▸ Work task: Although the data holds pictures, return only the lines from the one containing "Big Chris Art" to the end, exactly, and without them.

━━━━━ Data provided

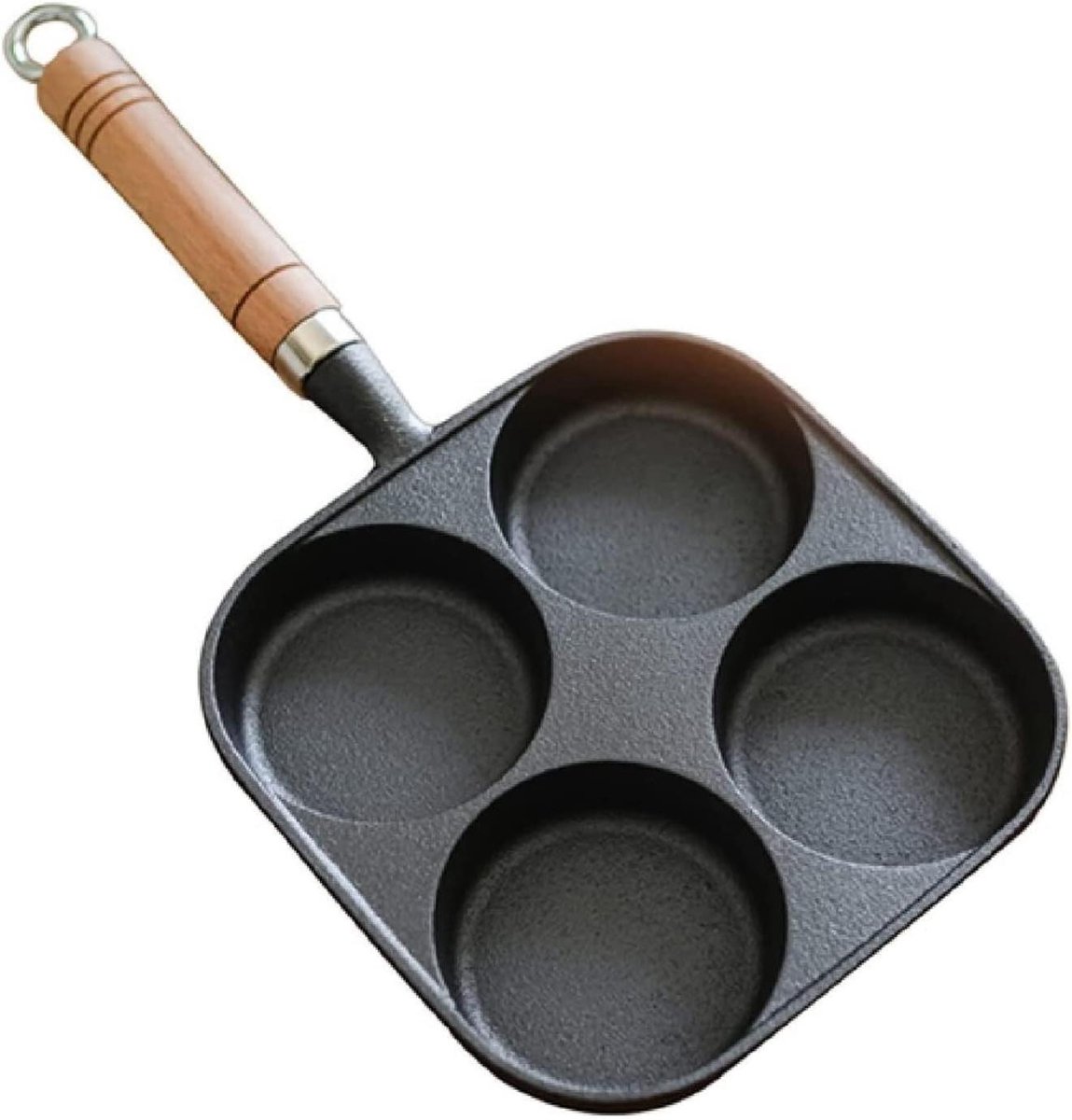 Pannenkoekenpan Omeletpan - Koekenpan Bakplaat - Ontbijt Maken - Gelijkmatige Warmte - Niet gespecificeerd - Zwart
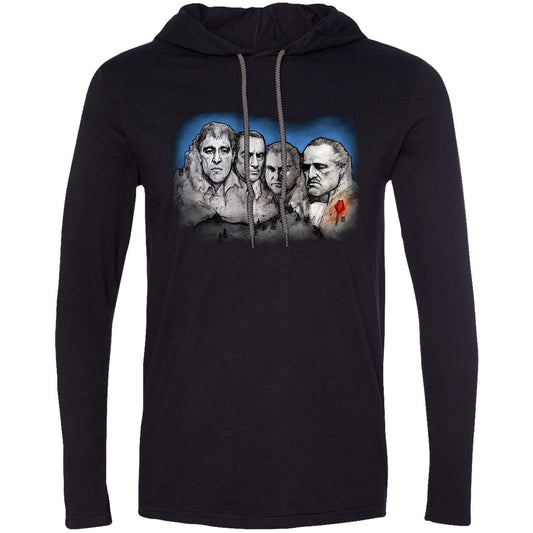 Big Chris Art Mt MobMore Hooded Long Sleeve Front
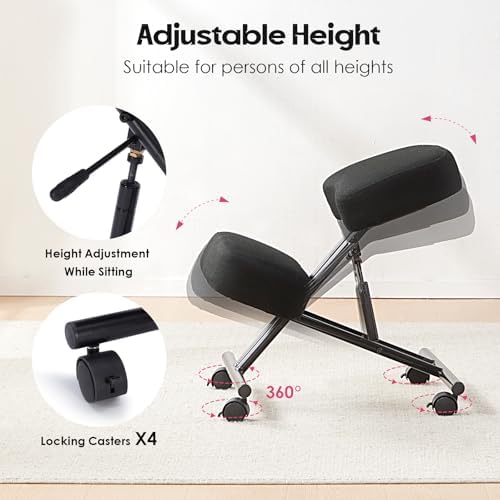Kneeling Chair Linen Ergonomic - Office Chair 评论和价格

━━━━━━━━━━

▸ Task response:
 Big Chris Art Mt MobMore Hooded Long Sleeve Front
Kneeling Chair Linen Ergonomic - Office Chair 评论和价格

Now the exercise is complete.